Иметь друзей канцлер считал дурацкой роскошью. Но зато его одолевали собутыльники: Санти, Прассе и Функ, бывший платным шпионом Фридриха; Бестужев был пьяницей британской школы – твердым в речах и походке. Когда требовалось решать сложный ход в дипломатии, канцлер в одиночестве выхлебывал графин и рисковал, рисковал…

Но рисковал всегда крупно, прибыльно, везуче!

* * *

В один из дней к дому канцлера подкатил возок нерусский, вылез из него старик суровой видимости, в руке – дубина. Лакеи дышали в мерзлые стекла, чтобы разглядеть гостя.

– Братцы его сиятельства! Братец пожаловали…

Выскочила на крыльцо старая карлица. Заплясала по снегу заплатанными валенками. Брат великого канцлера Михайла Петрович Бестужев-Рюмин, взял карлицу на руки, словно дитятко, поцеловал ее, старую и добрую, в дряблые холодные щеки.

– Нюшка, – сказал, – родимая… Рада ли?

– Ой! – ответила карлица и обняла его за шею.

Так вот, с уродкой на руках, стуча палкою по ступеням, поднялся Михайла Бестужев в покои – дипломат прожженный, патриот страстный, все изведавший, все вынюхавший. А наверху – его высокое сиятельство, братец младшенький, великий канцлер и превеликий плут.

– Мишка! – сказал надменно с высоты. – Ты бы хоть ноги с улицы вытер. Ковры персицкие-то…. Мне на вас не напастись!

Поцеловались братцы. Но совсем неласково – более для прилику, чтобы сплетен лишних не было. Сел старший, как гость, в красный угол. Долго не отрывал глаз от пыльной рамочки, что висела – посередь родни, дальней и ближней, – кривенько. И смотрела на Михайлу Бестужева из этой рамочки красавица, вся воздушная, это – Аннушка Головкина. Едва-едва медовый месяц и дотянул с ней: язык ей вырезали, кнутами выстебали спину и сослали пересчитывать остроги сибирские.

Не выдержал тут воспоминаний Михайла Бестужев, слезу вытер:

– Алешка, скажи… Ведь и ты, подлый, руку к ней приложил?

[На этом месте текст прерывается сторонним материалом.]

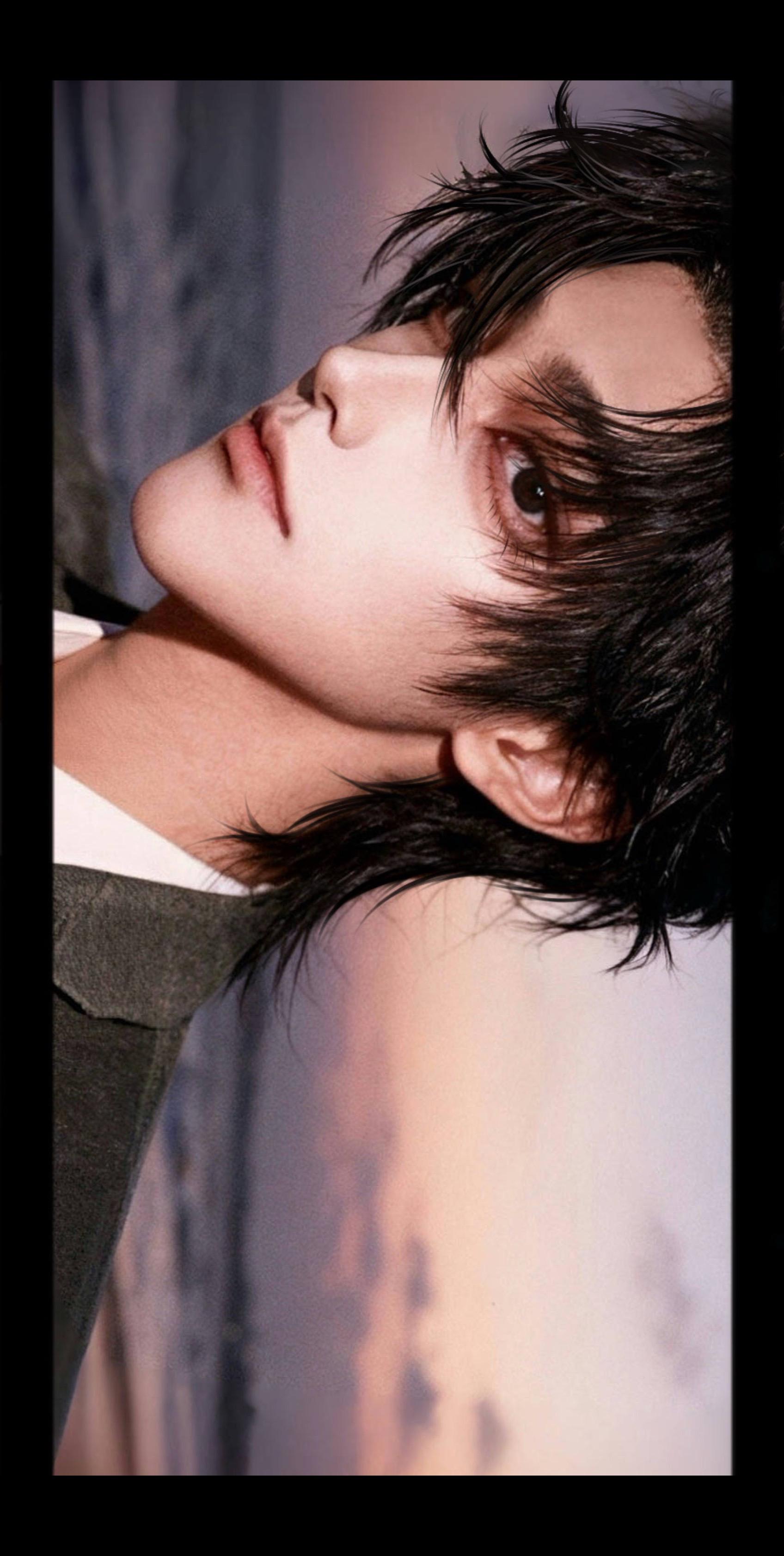 转身看到 仍在这苦等。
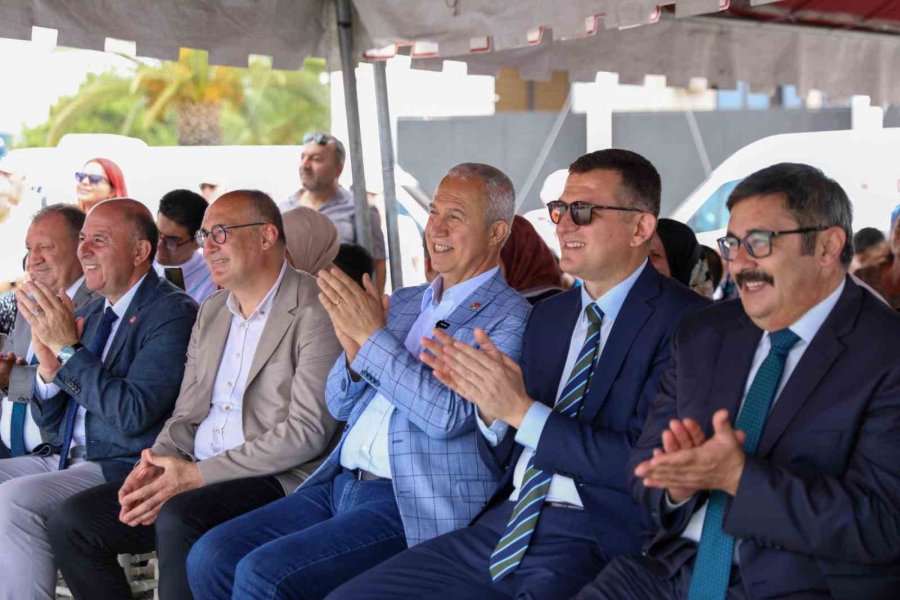 Alanya’da Engelsiz Halk Plajı Hizmete Açıldı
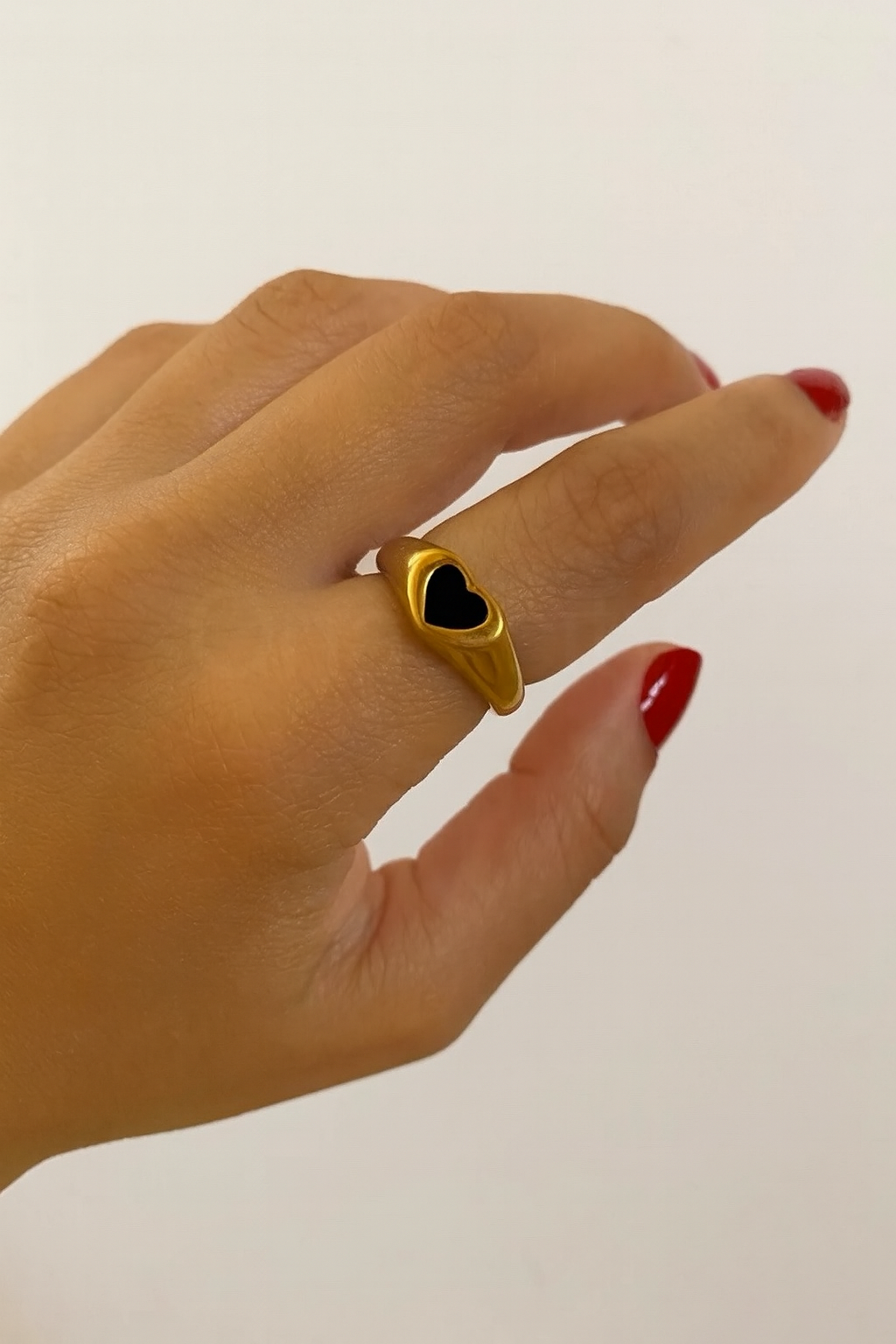 BLACK HEART RING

– А ты не хнычь, – резко отвечал канцлер. – Коли карьер хочешь провесть меж Сциллою и Харибдою, так баб неча жалеть! Вон я, смотри, каков: сына своего родного в Петропавловскую крепость засадил. И пусть сидит! Зато никто мне глаза не колет, что личное прихлебство имею. Не таково время, братец, чтобы мелких людишек жалеть…

– Бог тебе судья, брат, – отвечал Михайла Петрович. – И не о том речь. Прости, коль почешу место, которо чешется. Негоже, братец, ты Россию ведешь. Не в тую сторону наклонил ты ее… как бы, гляди, не опрокинулась она!

– У меня – система! – сразу вспылил канцлер и прошелся перед братом, крепко стуча башмаками; резало глаз от сияния бриллиантовых пряжек на них.

– Система… ну-ну! А только Петр Алексеич, царствие ему небесное, в политике гибок был. Яко змий, бывало! Оттого-то и ладил. Да и ковров персицких не заводил. Из-за рубля сам давливался, а людей за копейку давливал. И система твоя не от Петра корень ведет, а от графа Остермана – врага русского!